> _WHAT TO PRODUCE_:
Exact copy, pictures omitted: the line holding "LONDON, ENGLAND - JANUARY" and every line after it down to the end of the entries.
====== AVAILABLE RECORDS
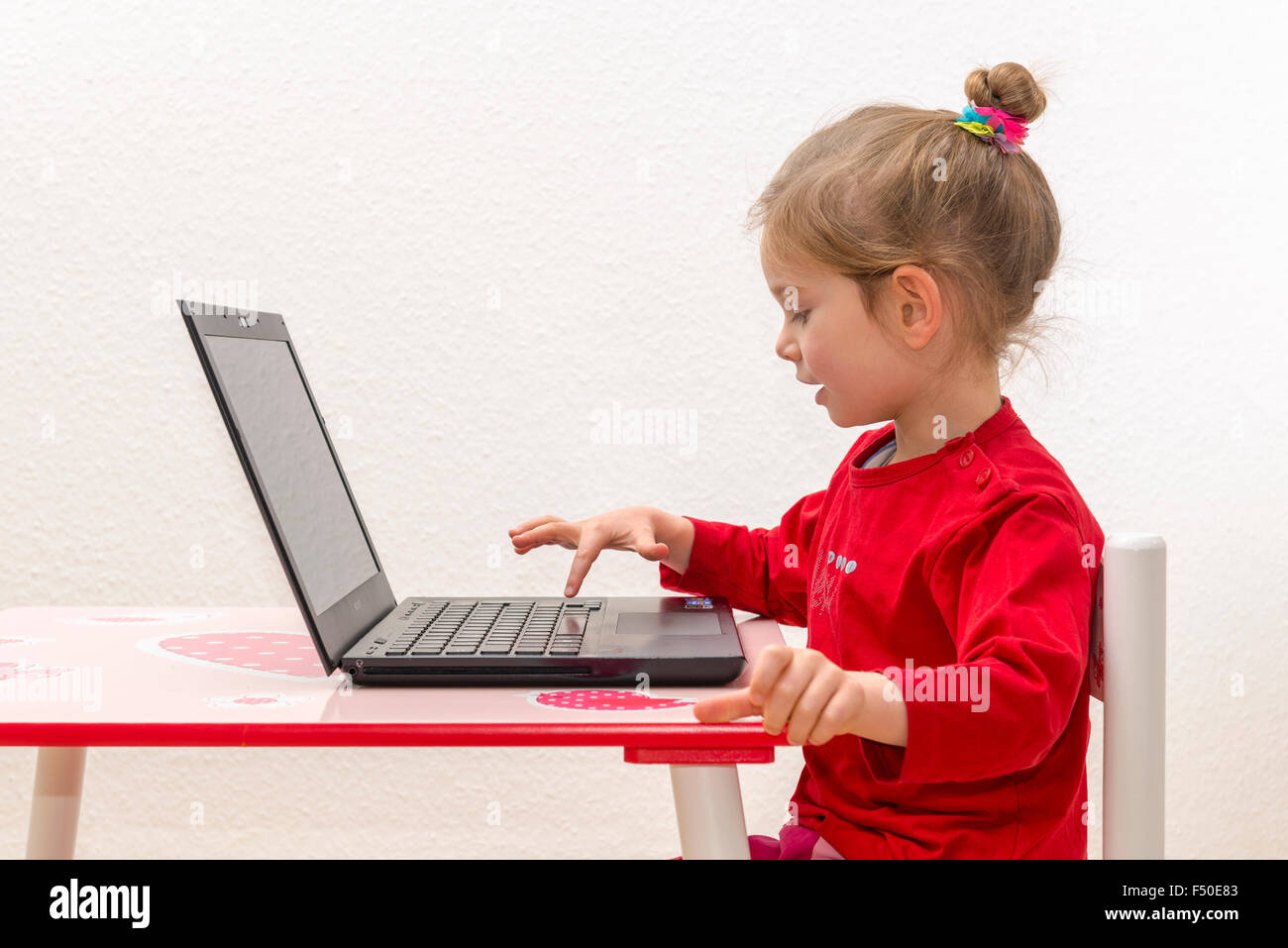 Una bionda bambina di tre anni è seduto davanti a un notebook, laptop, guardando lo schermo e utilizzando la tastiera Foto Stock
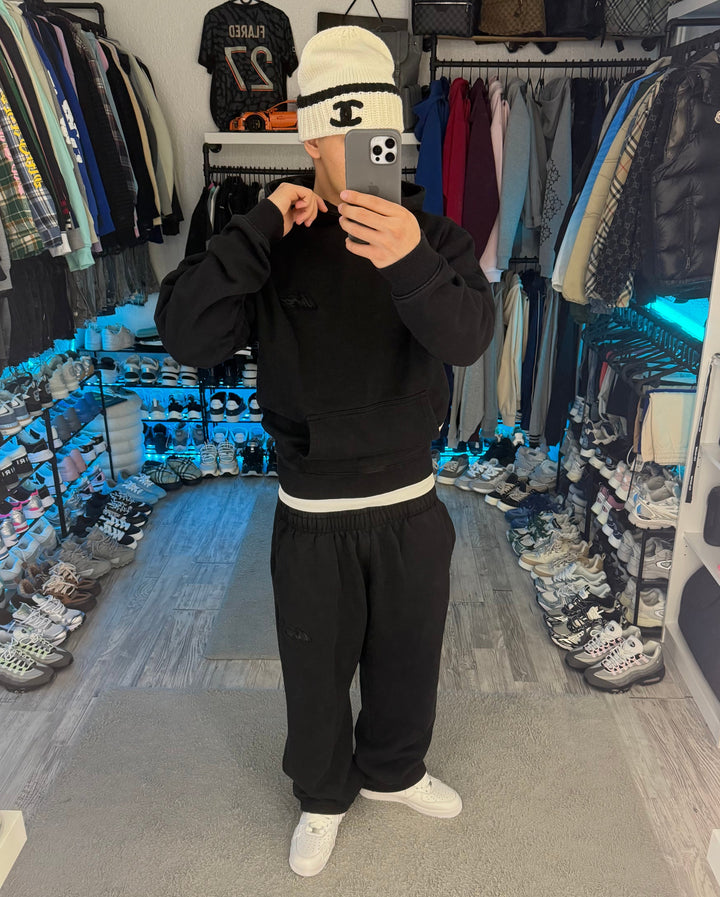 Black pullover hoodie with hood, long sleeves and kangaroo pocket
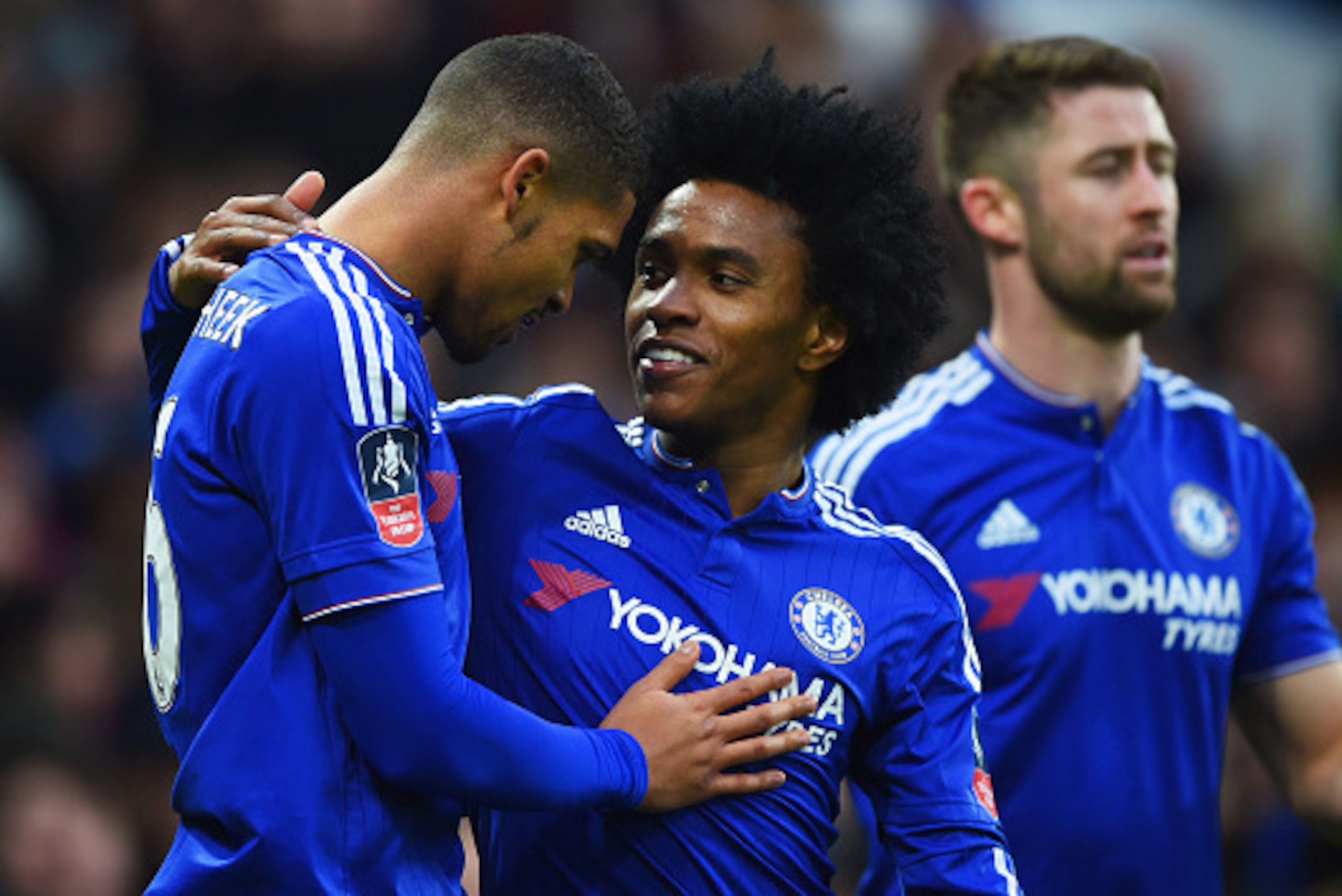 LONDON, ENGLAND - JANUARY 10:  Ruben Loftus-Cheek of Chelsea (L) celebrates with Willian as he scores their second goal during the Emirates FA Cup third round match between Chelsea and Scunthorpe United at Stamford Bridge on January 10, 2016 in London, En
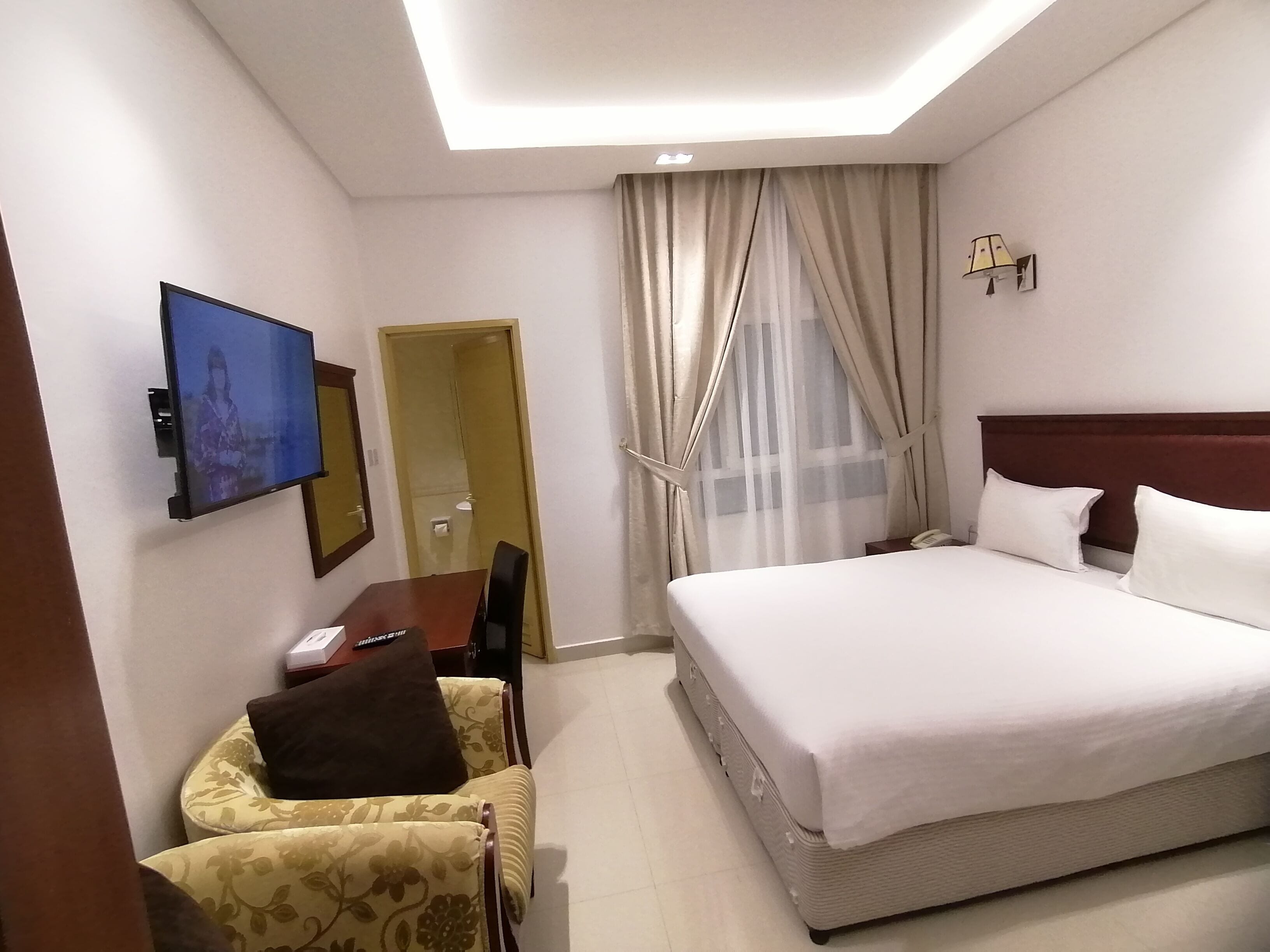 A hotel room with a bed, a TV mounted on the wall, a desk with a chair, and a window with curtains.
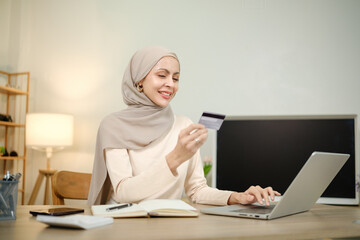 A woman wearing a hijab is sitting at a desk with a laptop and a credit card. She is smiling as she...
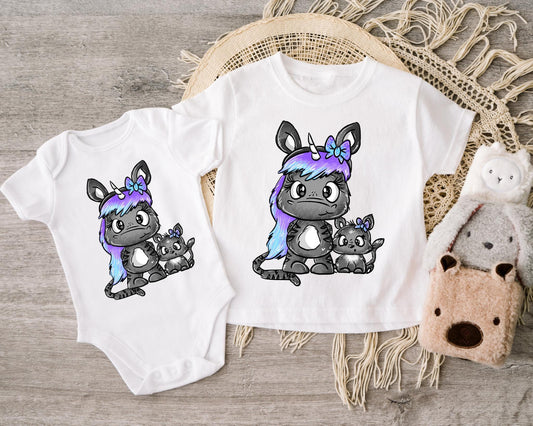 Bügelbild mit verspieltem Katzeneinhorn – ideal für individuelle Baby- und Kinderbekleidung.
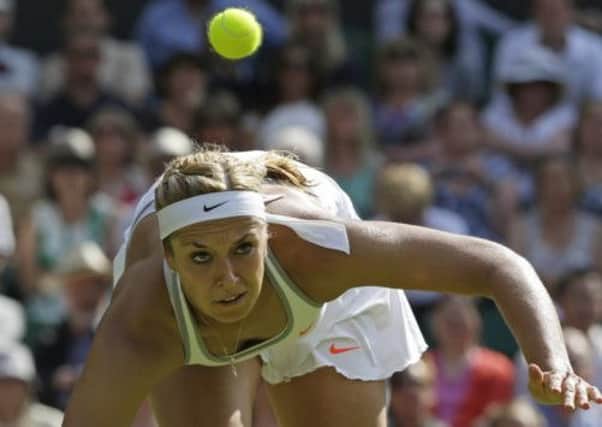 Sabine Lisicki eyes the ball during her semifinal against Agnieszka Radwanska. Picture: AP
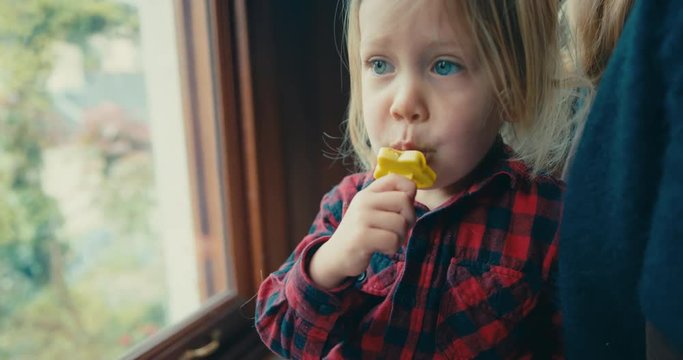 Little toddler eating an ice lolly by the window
============
> _OUTPUT FOR THIS EXERCISE_:
 LONDON, ENGLAND - JANUARY 10:  Ruben Loftus-Cheek of Chelsea (L) celebrates with Willian as he scores their second goal during the Emirates FA Cup third round match between Chelsea and Scunthorpe United at Stamford Bridge on January 10, 2016 in London, En
 A hotel room with a bed, a TV mounted on the wall, a desk with a chair, and a window with curtains.
 A woman wearing a hijab is sitting at a desk with a laptop and a credit card. She is smiling as she...
 Bügelbild mit verspieltem Katzeneinhorn – ideal für individuelle Baby- und Kinderbekleidung.
 Sabine Lisicki eyes the ball during her semifinal against Agnieszka Radwanska. Picture: AP
 Little toddler eating an ice lolly by the window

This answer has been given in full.